TASK TO COMPLETE:
What is needed is a word-for-word copy of the lines below from the one with "Feedback is another" through the one with "So in Python", both included, with every picture left out.

Stored data:

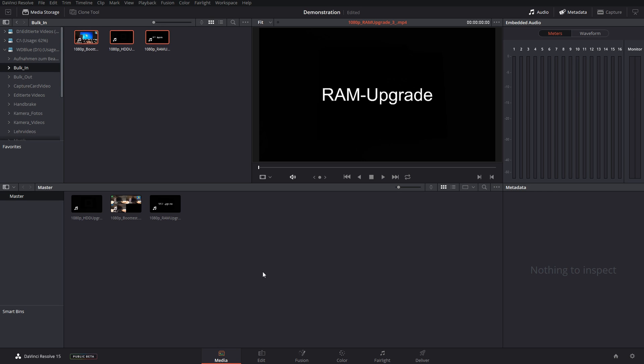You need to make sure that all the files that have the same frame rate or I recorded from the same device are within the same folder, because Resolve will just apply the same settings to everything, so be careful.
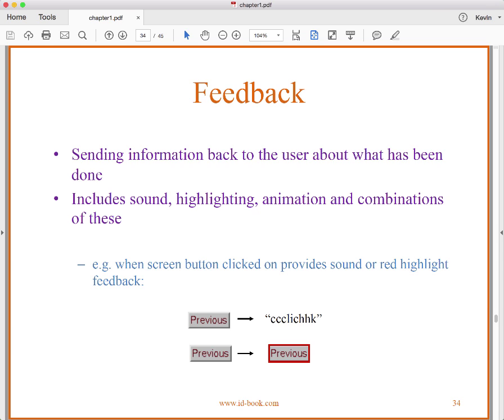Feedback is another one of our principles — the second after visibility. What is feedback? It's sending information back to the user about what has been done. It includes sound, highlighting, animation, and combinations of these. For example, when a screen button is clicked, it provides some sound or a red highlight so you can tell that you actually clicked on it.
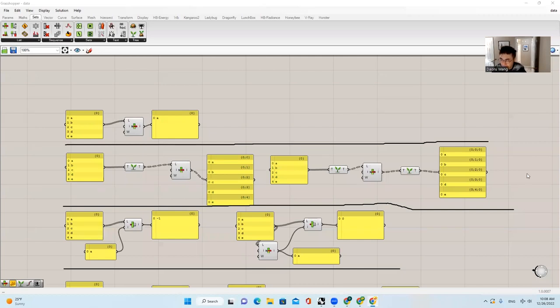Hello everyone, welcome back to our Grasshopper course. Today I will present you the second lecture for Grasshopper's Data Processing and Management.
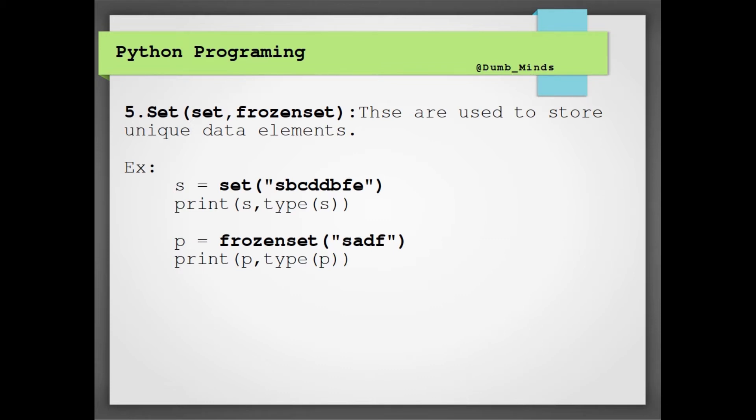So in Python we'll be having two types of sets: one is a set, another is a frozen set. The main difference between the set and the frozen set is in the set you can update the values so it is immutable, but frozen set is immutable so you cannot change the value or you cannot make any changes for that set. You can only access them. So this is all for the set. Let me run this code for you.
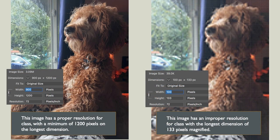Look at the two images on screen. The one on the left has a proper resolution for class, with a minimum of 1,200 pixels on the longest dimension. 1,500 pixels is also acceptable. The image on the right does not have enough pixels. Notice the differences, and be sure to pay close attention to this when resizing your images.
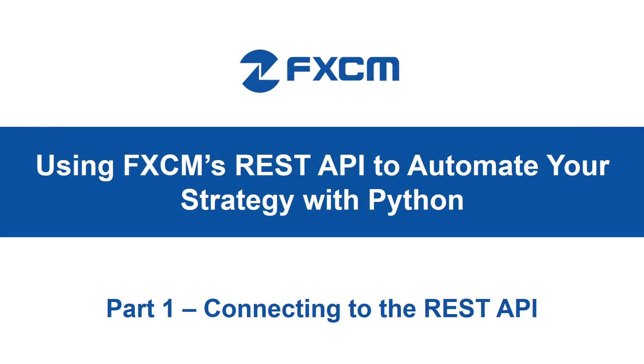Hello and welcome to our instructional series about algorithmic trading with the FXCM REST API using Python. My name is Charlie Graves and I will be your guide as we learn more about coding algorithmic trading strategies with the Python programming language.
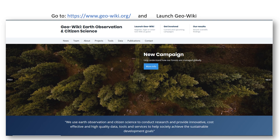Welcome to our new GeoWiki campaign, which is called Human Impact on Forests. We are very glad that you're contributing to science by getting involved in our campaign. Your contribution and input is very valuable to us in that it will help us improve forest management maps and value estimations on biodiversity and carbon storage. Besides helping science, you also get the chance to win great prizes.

RESPONSE TO THIS TASK:
Feedback is another one of our principles — the second after visibility. What is feedback? It's sending information back to the user about what has been done. It includes sound, highlighting, animation, and combinations of these. For example, when a screen button is clicked, it provides some sound or a red highlight so you can tell that you actually clicked on it.
Hello everyone, welcome back to our Grasshopper course. Today I will present you the second lecture for Grasshopper's Data Processing and Management.
So in Python we'll be having two types of sets: one is a set, another is a frozen set. The main difference between the set and the frozen set is in the set you can update the values so it is immutable, but frozen set is immutable so you cannot change the value or you cannot make any changes for that set. You can only access them. So this is all for the set. Let me run this code for you.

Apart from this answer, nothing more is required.